*What this task involves*
An exact, picture-free copy of the listing is required.
==== Data for processing ====
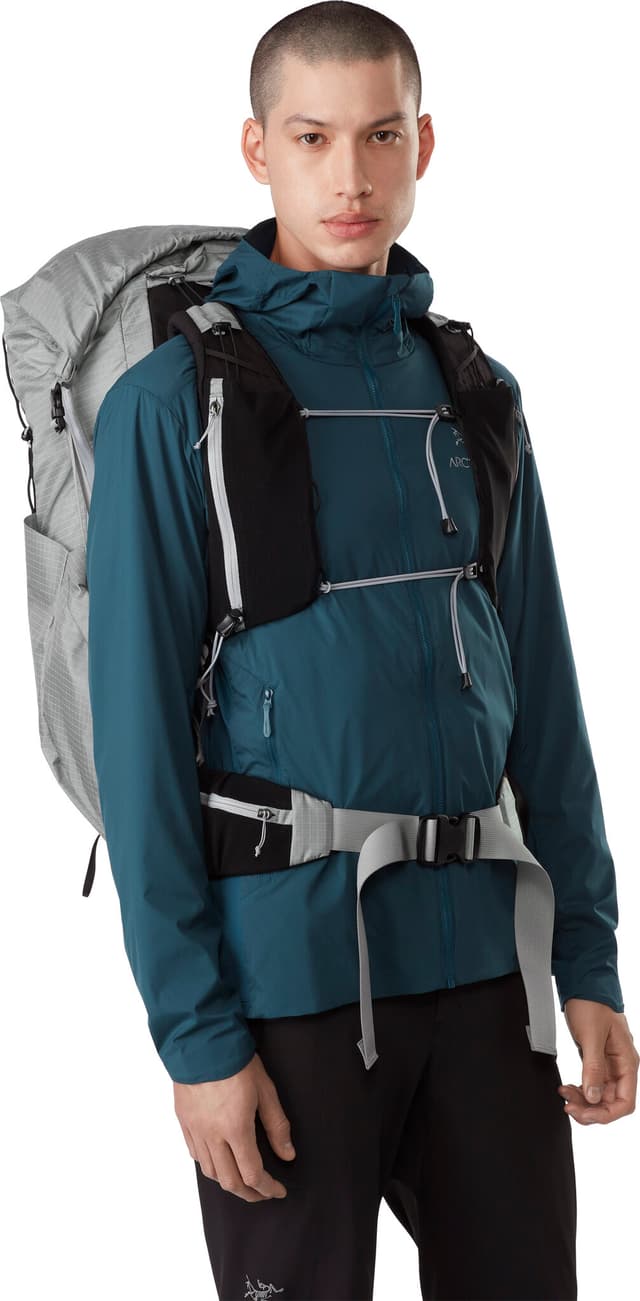 Arc'teryx Aerios Backpack 45L - Men's | Altitude Sports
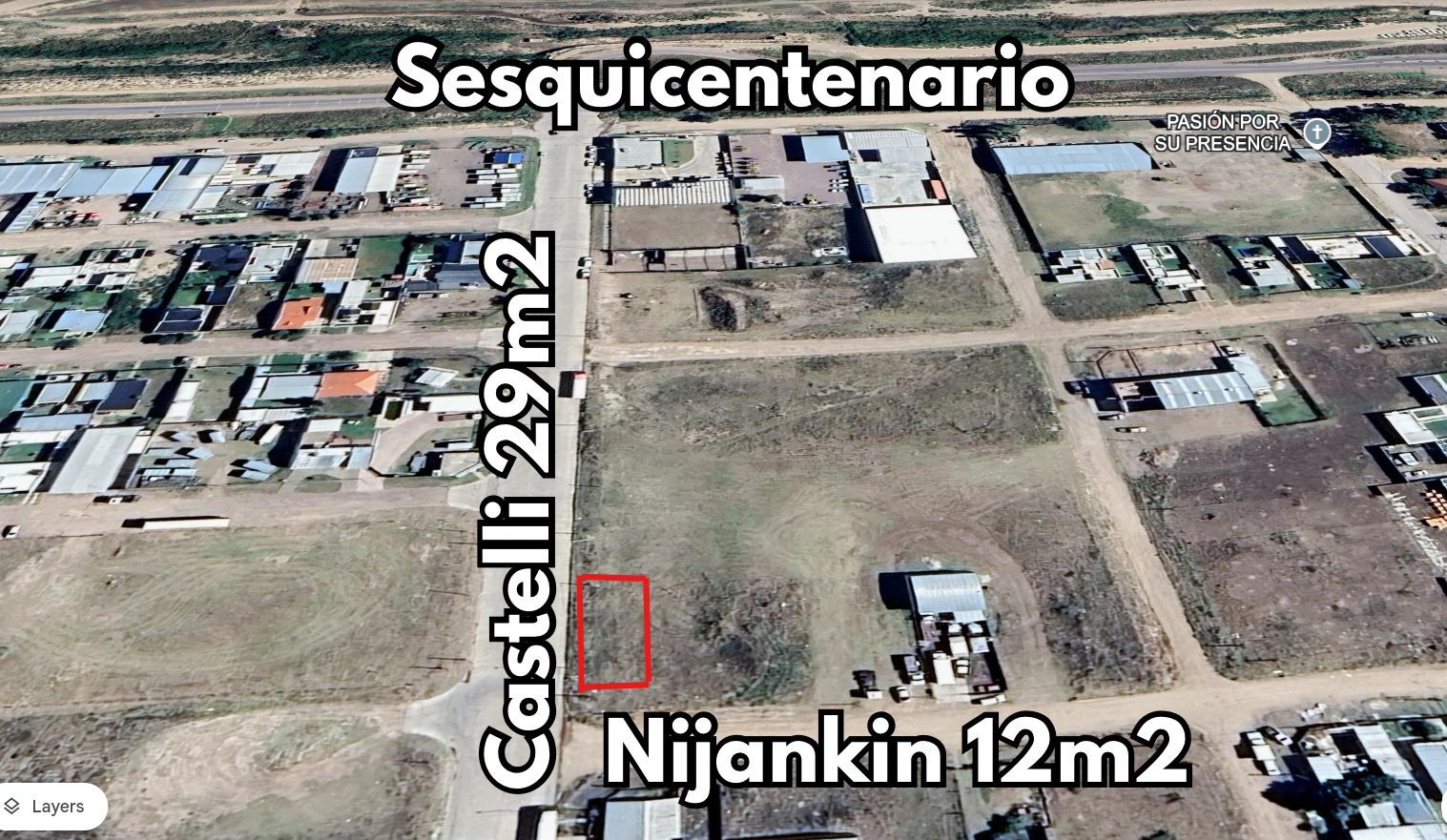 Terreno en Venta en Castelli Y Nijankin,  Bahía Blanca - Bahía Blanca Propiedades | SITIO OFICIAL l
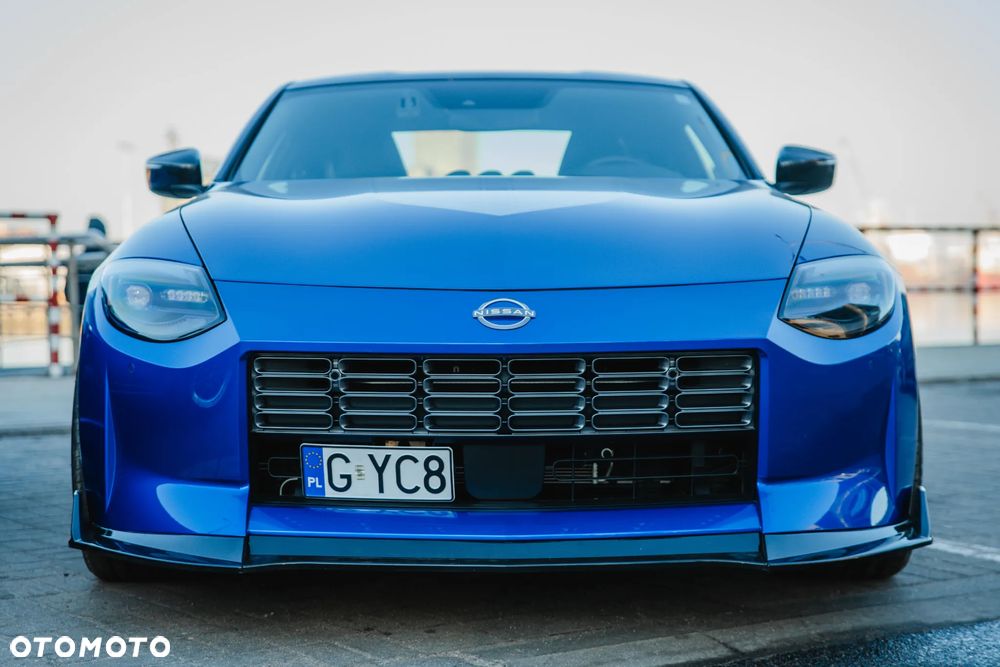 Nissan 400 Z - 16
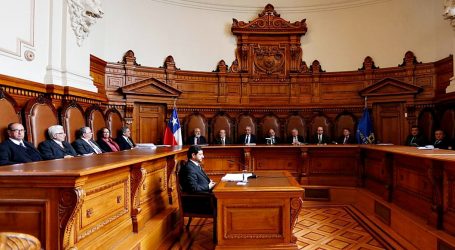 Gobierno respaldó nominación de Dobra Lusic a la Corte Suprema pese a denuncia de irregularidades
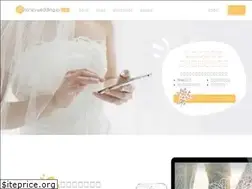Sites similar to honeywedding.jp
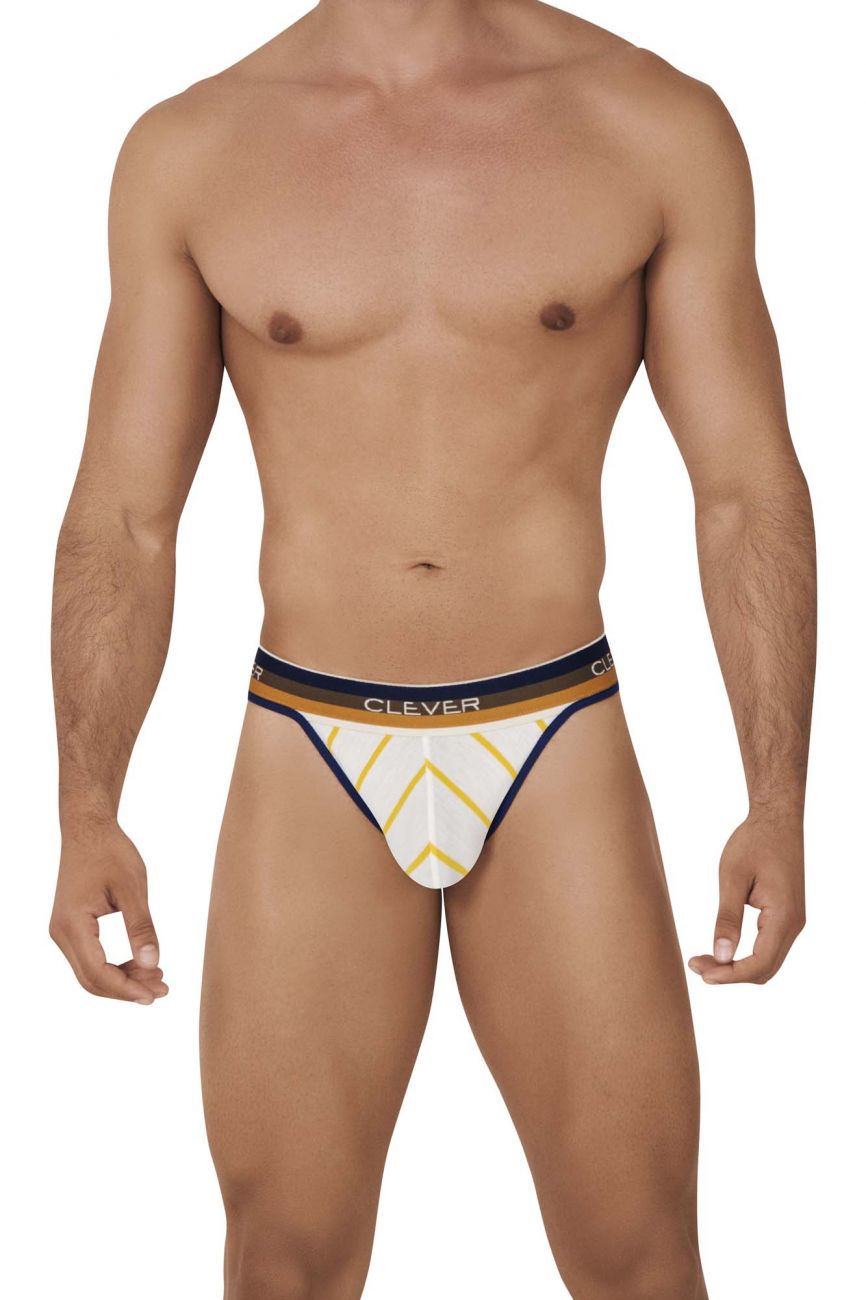 Clever 0584-1 Play Thongs Color Yellow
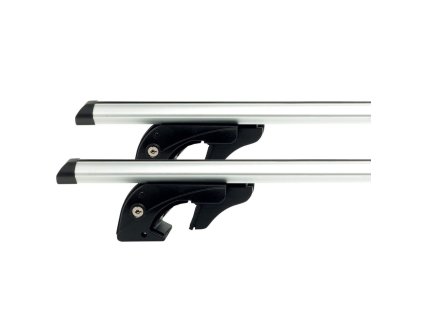Příčníky na klasické podélníky / hagusy Aroso Tiger XL 135cm - aluminium / uzamykatelné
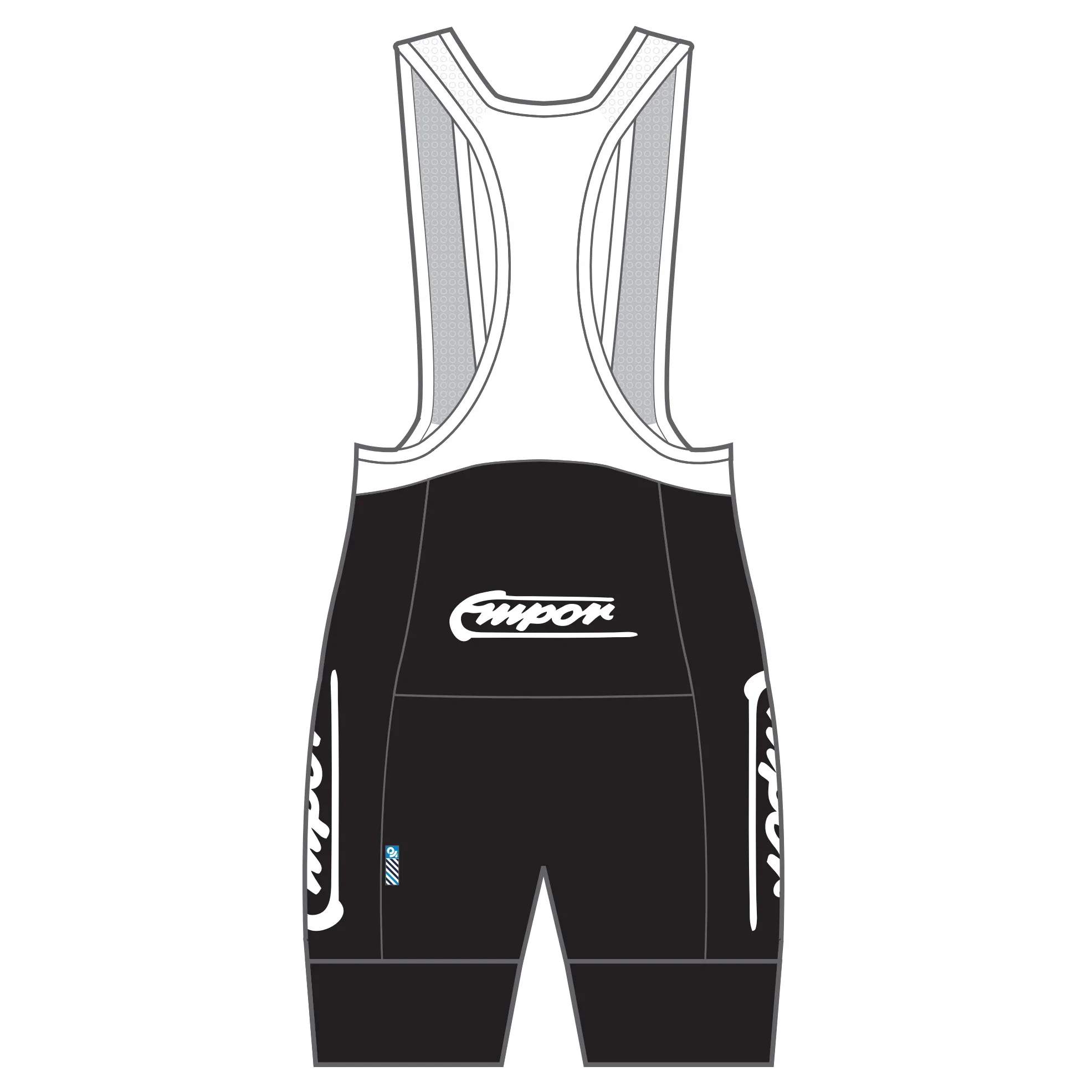 PERFORMANCE Endurance (Cargo) Bib Shorts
====
*Result for this task*
 Arc'teryx Aerios Backpack 45L - Men's | Altitude Sports
 Terreno en Venta en Castelli Y Nijankin,  Bahía Blanca - Bahía Blanca Propiedades | SITIO OFICIAL l
 Nissan 400 Z - 16
 Gobierno respaldó nominación de Dobra Lusic a la Corte Suprema pese a denuncia de irregularidades
Sites similar to honeywedding.jp
 Clever 0584-1 Play Thongs Color Yellow
Příčníky na klasické podélníky / hagusy Aroso Tiger XL 135cm - aluminium / uzamykatelné
 PERFORMANCE Endurance (Cargo) Bib Shorts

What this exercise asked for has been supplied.